■ **YOUR GOAL**:
Start at the line with "Hi guys, this" in the records below, stop at the line with "Select Wi-Fi only, and", and return every line in that span exactly, the two end lines included.

■ **RECORDED DATA**:
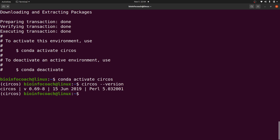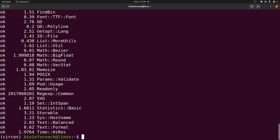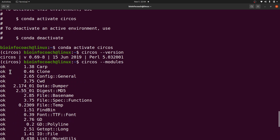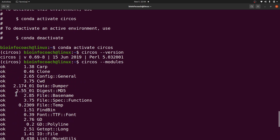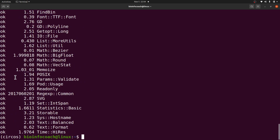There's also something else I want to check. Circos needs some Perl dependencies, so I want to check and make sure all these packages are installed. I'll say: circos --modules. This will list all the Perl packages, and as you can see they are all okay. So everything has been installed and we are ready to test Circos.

---

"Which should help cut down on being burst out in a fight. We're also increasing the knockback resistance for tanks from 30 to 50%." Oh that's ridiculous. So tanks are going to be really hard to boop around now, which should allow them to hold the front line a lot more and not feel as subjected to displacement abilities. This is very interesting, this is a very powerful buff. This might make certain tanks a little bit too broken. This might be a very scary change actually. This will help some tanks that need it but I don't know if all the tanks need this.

==

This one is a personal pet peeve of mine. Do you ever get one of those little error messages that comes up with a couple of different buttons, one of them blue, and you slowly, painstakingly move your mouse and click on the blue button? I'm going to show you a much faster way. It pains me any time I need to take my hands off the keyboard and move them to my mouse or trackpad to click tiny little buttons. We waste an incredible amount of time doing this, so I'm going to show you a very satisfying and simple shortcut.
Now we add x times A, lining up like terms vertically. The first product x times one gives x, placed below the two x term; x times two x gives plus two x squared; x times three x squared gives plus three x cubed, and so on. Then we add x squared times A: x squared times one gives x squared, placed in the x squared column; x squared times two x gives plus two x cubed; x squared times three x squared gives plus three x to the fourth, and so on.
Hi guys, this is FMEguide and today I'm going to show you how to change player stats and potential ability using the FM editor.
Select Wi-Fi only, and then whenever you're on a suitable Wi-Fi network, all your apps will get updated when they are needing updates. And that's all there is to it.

■ **EXERCISE ANSWER**:
Hi guys, this is FMEguide and today I'm going to show you how to change player stats and potential ability using the FM editor.
Select Wi-Fi only, and then whenever you're on a suitable Wi-Fi network, all your apps will get updated when they are needing updates. And that's all there is to it.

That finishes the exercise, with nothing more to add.